§ Source material
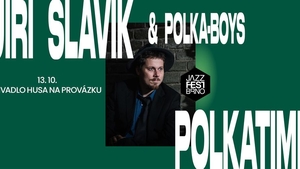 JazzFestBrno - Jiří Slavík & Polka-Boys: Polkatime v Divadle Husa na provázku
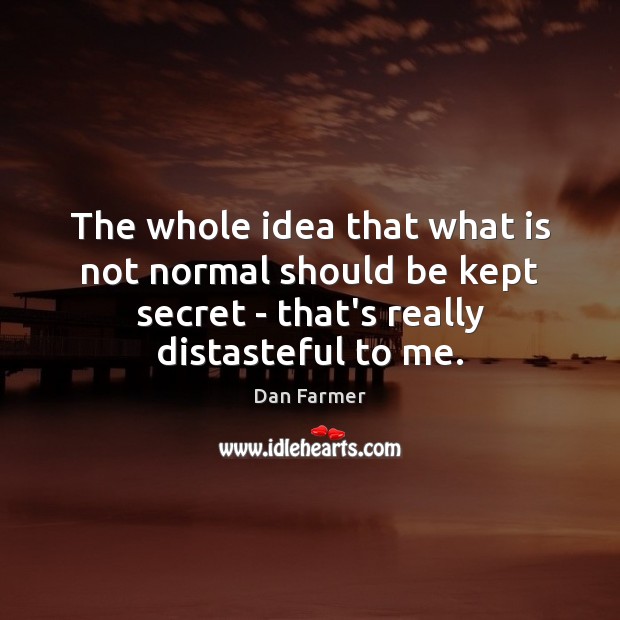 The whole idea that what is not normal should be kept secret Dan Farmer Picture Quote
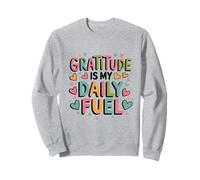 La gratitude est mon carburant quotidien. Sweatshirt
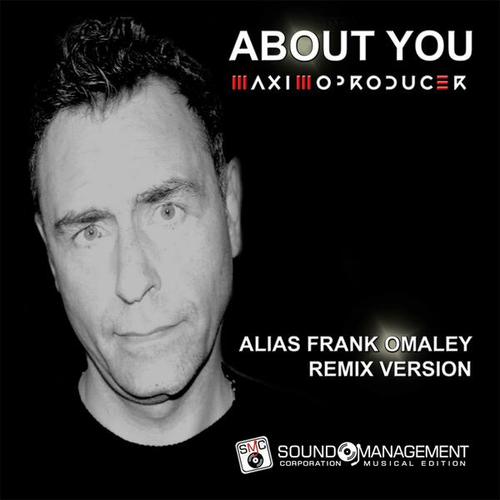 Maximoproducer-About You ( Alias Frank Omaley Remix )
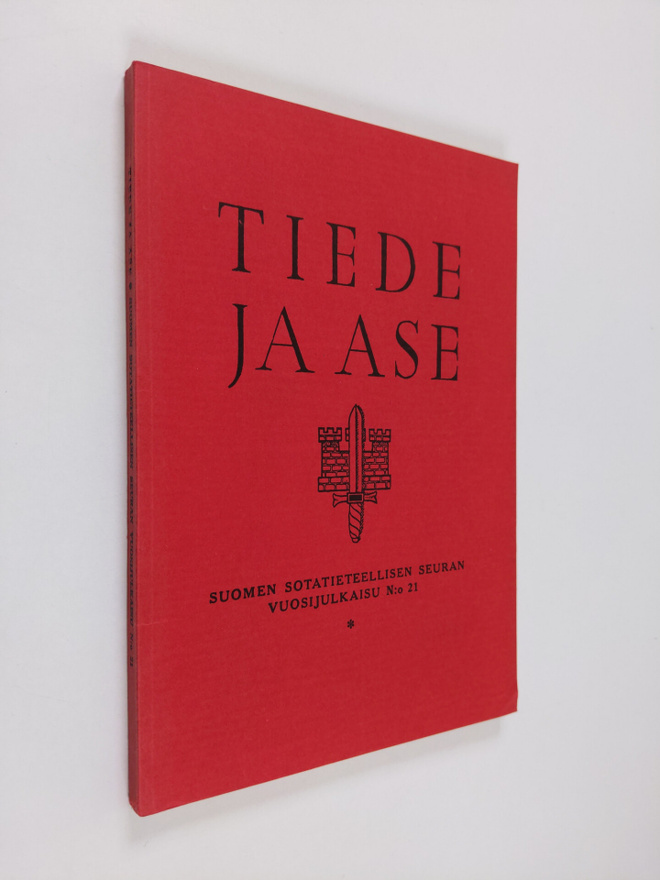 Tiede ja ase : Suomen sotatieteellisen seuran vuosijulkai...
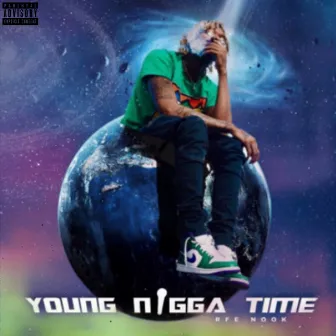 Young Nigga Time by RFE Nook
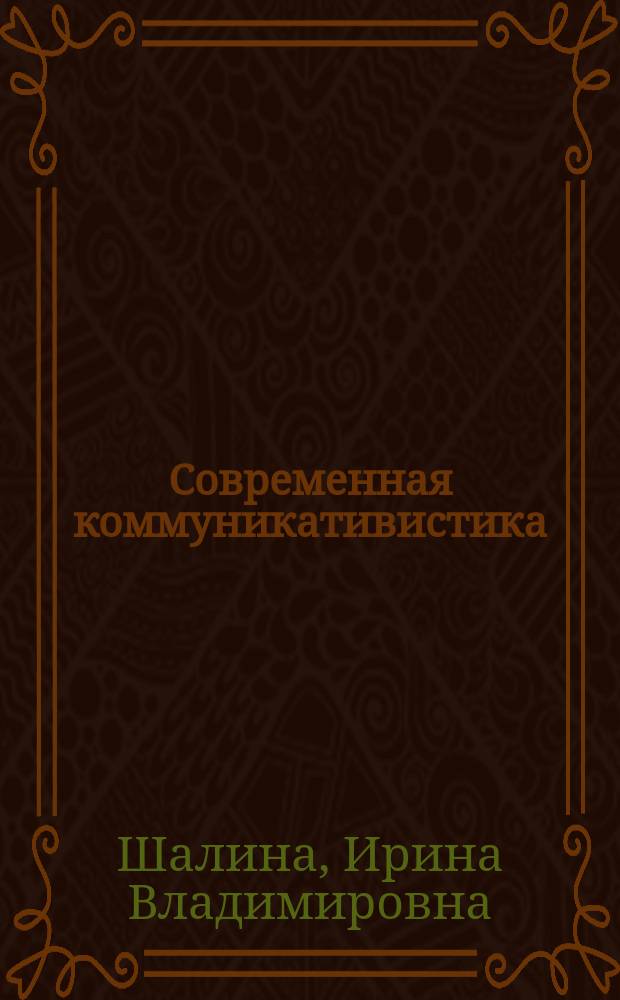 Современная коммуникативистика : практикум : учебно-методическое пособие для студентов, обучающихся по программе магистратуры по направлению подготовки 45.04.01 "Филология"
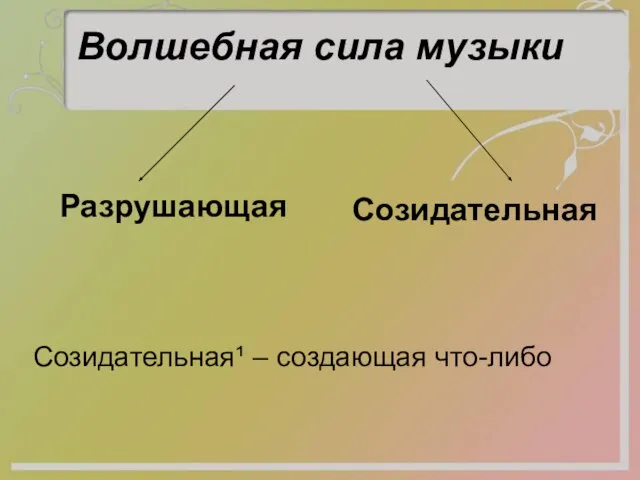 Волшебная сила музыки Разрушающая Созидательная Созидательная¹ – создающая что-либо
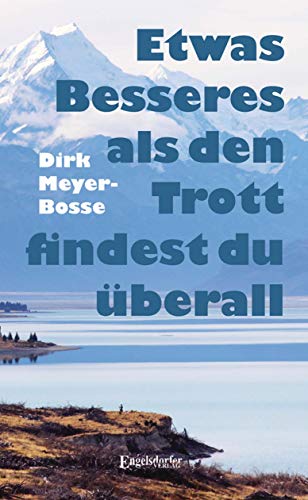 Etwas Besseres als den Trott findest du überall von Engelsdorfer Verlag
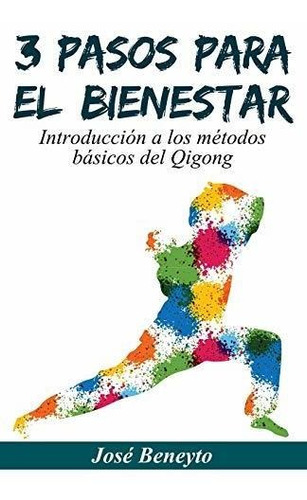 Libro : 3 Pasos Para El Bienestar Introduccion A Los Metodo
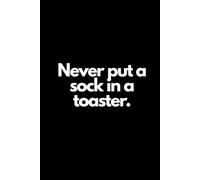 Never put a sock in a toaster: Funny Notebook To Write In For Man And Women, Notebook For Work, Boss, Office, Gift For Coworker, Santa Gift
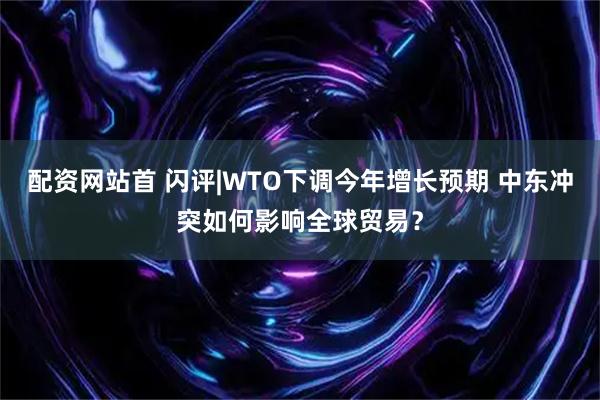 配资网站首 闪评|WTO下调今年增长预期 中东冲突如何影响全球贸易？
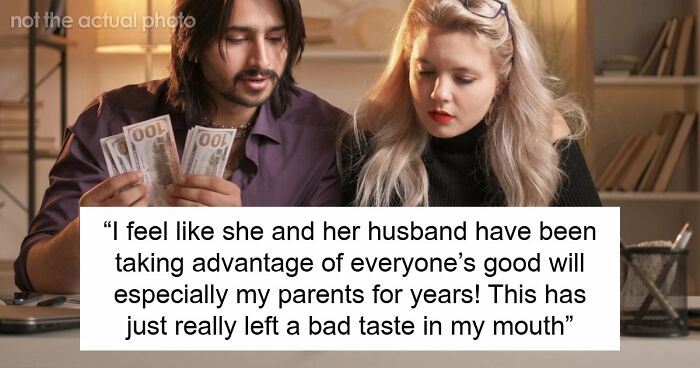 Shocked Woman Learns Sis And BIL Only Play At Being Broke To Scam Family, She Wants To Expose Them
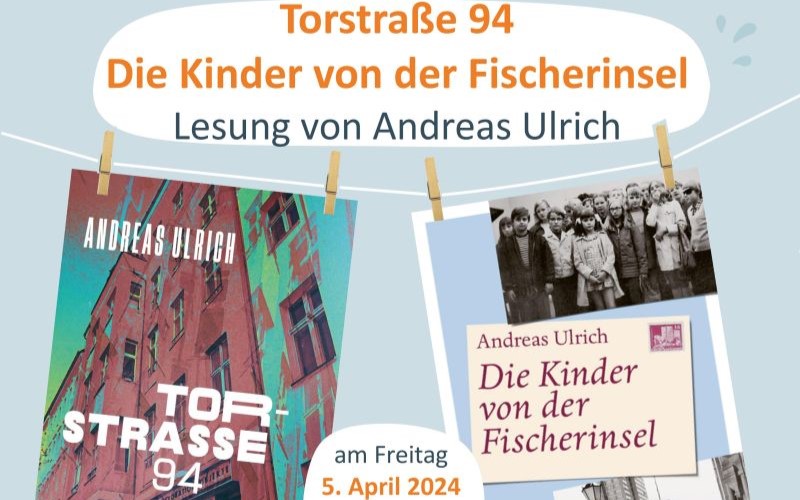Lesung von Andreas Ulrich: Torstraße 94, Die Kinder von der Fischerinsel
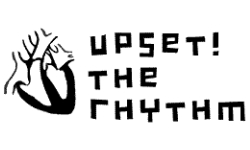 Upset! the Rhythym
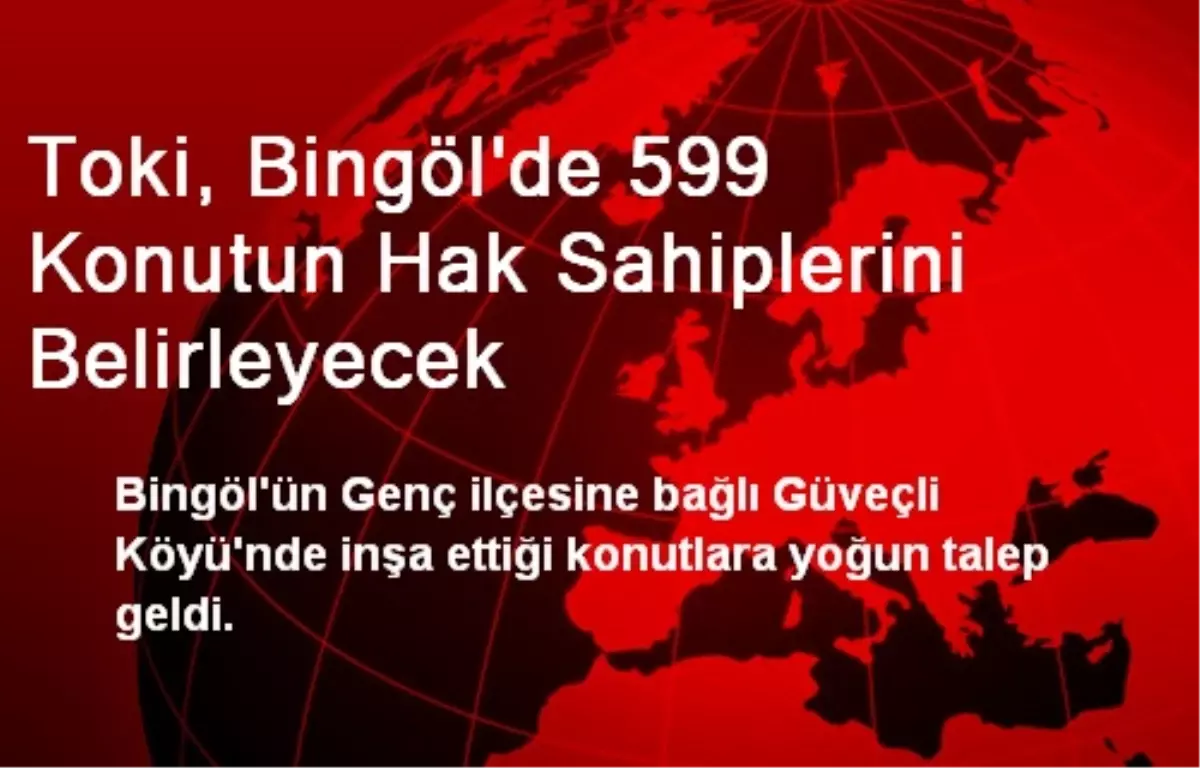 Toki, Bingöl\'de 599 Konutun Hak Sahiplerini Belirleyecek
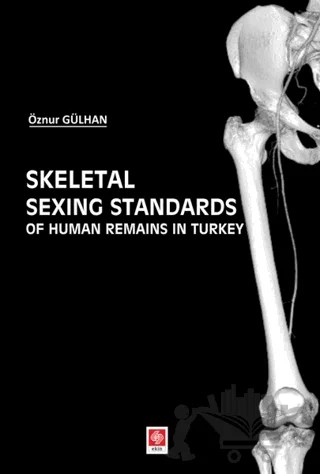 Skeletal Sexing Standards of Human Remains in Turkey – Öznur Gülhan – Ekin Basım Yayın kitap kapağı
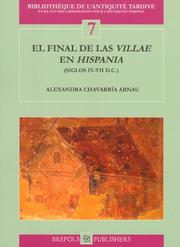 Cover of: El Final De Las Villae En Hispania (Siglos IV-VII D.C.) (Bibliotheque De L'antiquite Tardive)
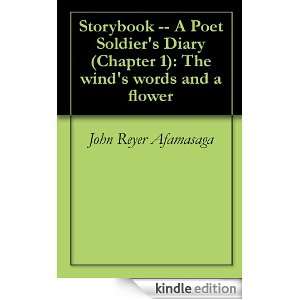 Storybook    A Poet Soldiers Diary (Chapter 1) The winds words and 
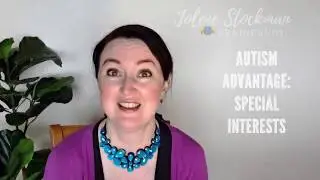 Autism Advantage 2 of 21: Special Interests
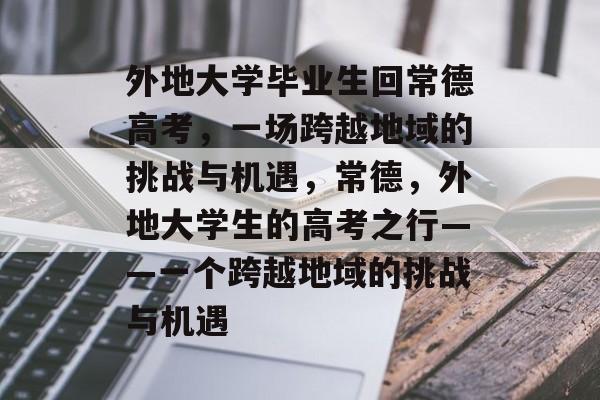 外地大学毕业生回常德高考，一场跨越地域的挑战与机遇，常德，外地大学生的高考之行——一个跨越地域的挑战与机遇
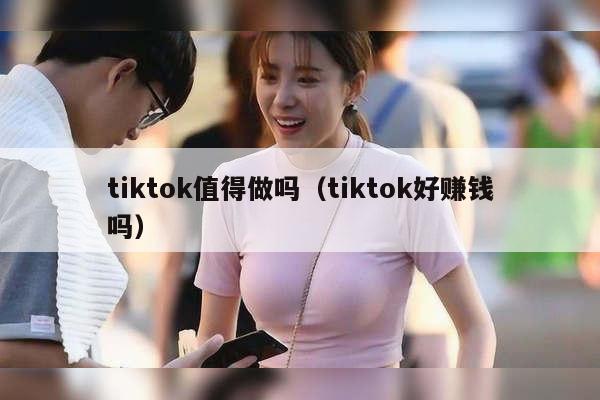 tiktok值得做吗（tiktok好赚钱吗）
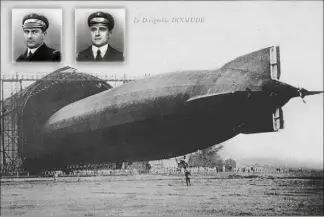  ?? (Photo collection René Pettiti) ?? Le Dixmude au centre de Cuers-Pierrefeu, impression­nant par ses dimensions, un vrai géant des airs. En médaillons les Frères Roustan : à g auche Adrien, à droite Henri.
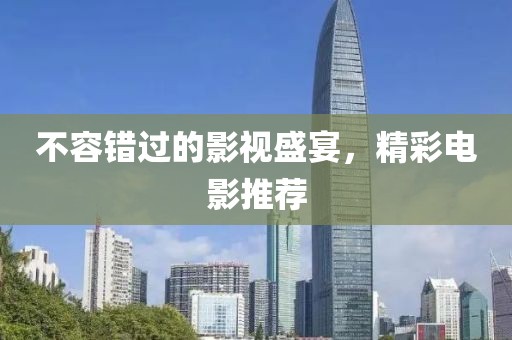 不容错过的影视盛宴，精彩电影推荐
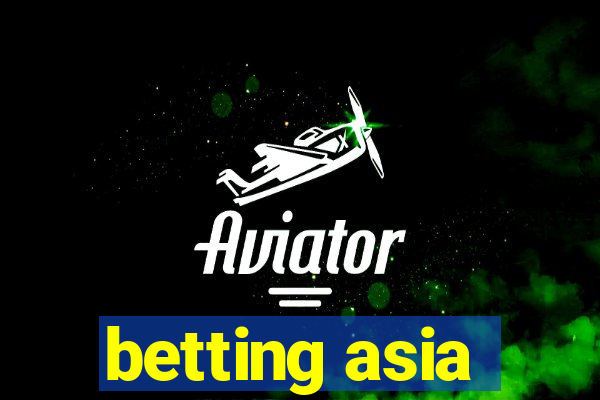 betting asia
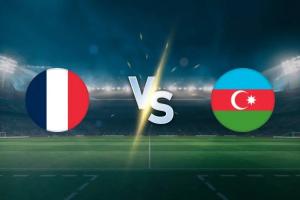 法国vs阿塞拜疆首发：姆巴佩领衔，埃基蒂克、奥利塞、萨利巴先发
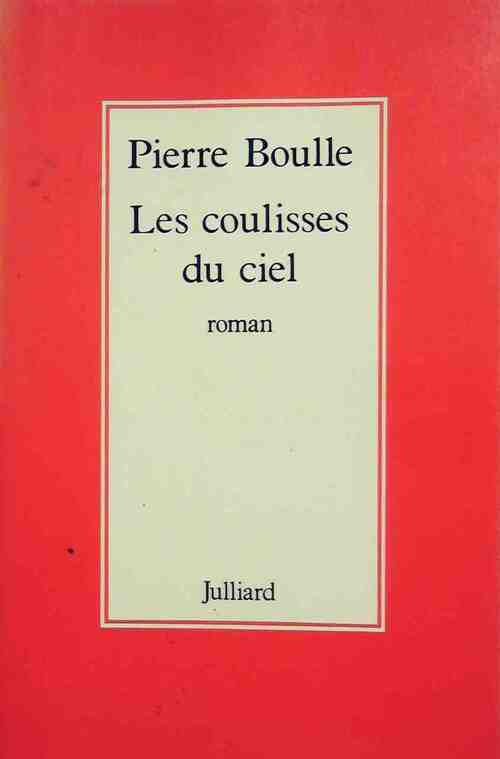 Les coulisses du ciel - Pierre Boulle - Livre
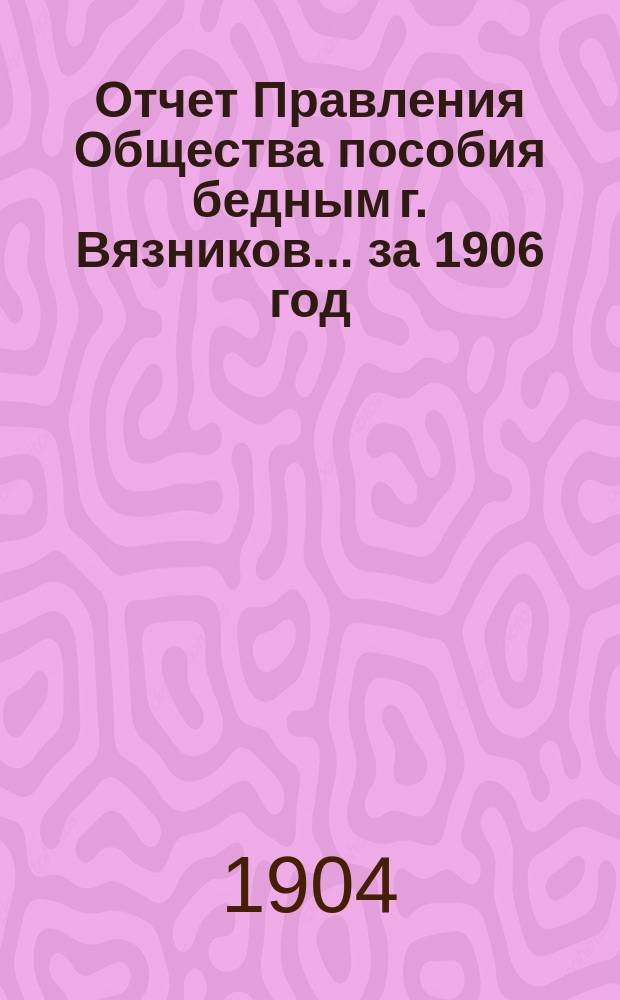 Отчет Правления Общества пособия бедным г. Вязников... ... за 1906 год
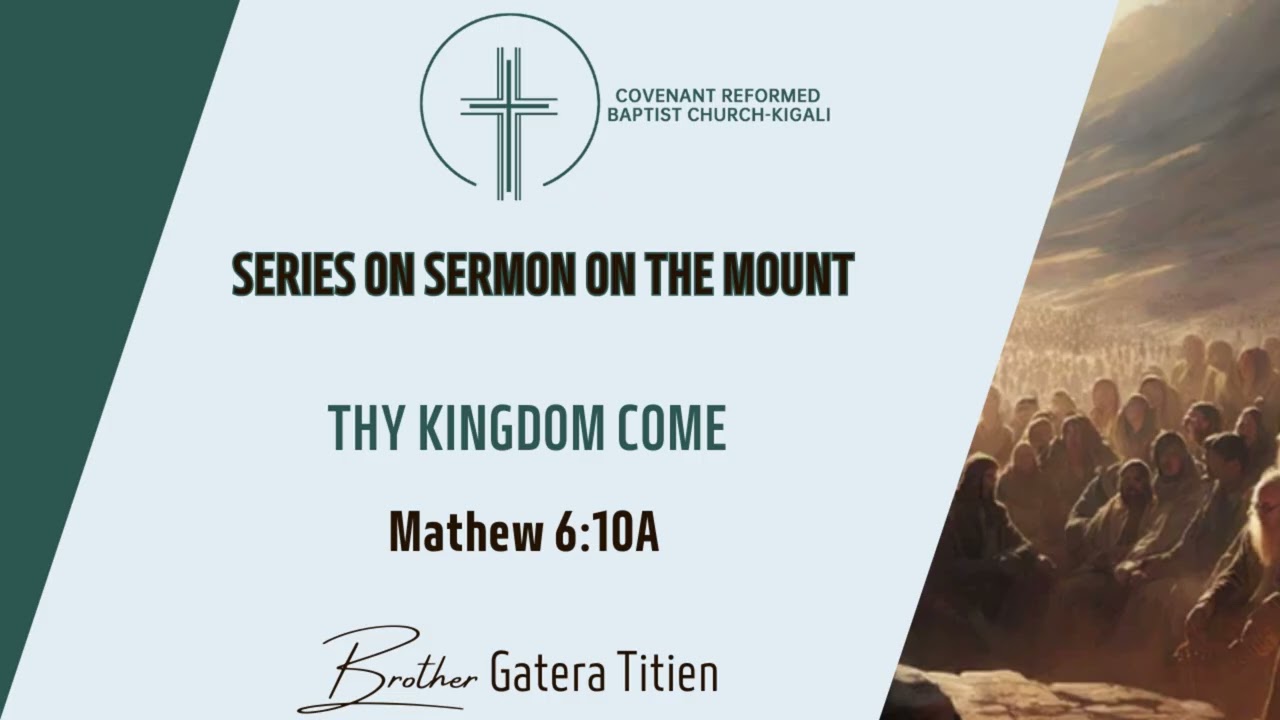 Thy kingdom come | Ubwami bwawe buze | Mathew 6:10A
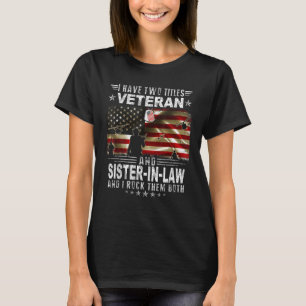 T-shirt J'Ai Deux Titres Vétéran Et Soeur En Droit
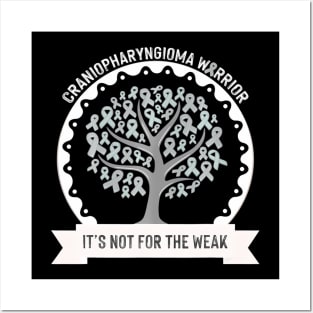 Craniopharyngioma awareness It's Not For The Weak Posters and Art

§ Task brief
Output every line of the records exactly, excluding all pictures.

§ Answer below
 JazzFestBrno - Jiří Slavík & Polka-Boys: Polkatime v Divadle Husa na provázku
 The whole idea that what is not normal should be kept secret Dan Farmer Picture Quote
 La gratitude est mon carburant quotidien. Sweatshirt
 Maximoproducer-About You ( Alias Frank Omaley Remix )
 Tiede ja ase : Suomen sotatieteellisen seuran vuosijulkai...
 Young Nigga Time by RFE Nook
 Современная коммуникативистика : практикум : учебно-методическое пособие для студентов, обучающихся по программе магистратуры по направлению подготовки 45.04.01 "Филология"
 Волшебная сила музыки Разрушающая Созидательная Созидательная¹ – создающая что-либо
 Etwas Besseres als den Trott findest du überall von Engelsdorfer Verlag
 Libro : 3 Pasos Para El Bienestar Introduccion A Los Metodo
 Never put a sock in a toaster: Funny Notebook To Write In For Man And Women, Notebook For Work, Boss, Office, Gift For Coworker, Santa Gift
 配资网站首 闪评|WTO下调今年增长预期 中东冲突如何影响全球贸易？
 Shocked Woman Learns Sis And BIL Only Play At Being Broke To Scam Family, She Wants To Expose Them
Lesung von Andreas Ulrich: Torstraße 94, Die Kinder von der Fischerinsel
 Upset! the Rhythym
 Toki, Bingöl\'de 599 Konutun Hak Sahiplerini Belirleyecek
 Skeletal Sexing Standards of Human Remains in Turkey – Öznur Gülhan – Ekin Basım Yayın kitap kapağı
 Cover of: El Final De Las Villae En Hispania (Siglos IV-VII D.C.) (Bibliotheque De L'antiquite Tardive)
 Storybook    A Poet Soldiers Diary (Chapter 1) The winds words and 
 Autism Advantage 2 of 21: Special Interests
 外地大学毕业生回常德高考，一场跨越地域的挑战与机遇，常德，外地大学生的高考之行——一个跨越地域的挑战与机遇
 tiktok值得做吗（tiktok好赚钱吗）
  ?? (Photo collection René Pettiti) ?? Le Dixmude au centre de Cuers-Pierrefeu, impression­nant par ses dimensions, un vrai géant des airs. En médaillons les Frères Roustan : à g auche Adrien, à droite Henri.
 不容错过的影视盛宴，精彩电影推荐
 betting asia
 法国vs阿塞拜疆首发：姆巴佩领衔，埃基蒂克、奥利塞、萨利巴先发
 Les coulisses du ciel - Pierre Boulle - Livre
 Отчет Правления Общества пособия бедным г. Вязников... ... за 1906 год
 Thy kingdom come | Ubwami bwawe buze | Mathew 6:10A
 T-shirt J'Ai Deux Titres Vétéran Et Soeur En Droit
 Craniopharyngioma awareness It's Not For The Weak Posters and Art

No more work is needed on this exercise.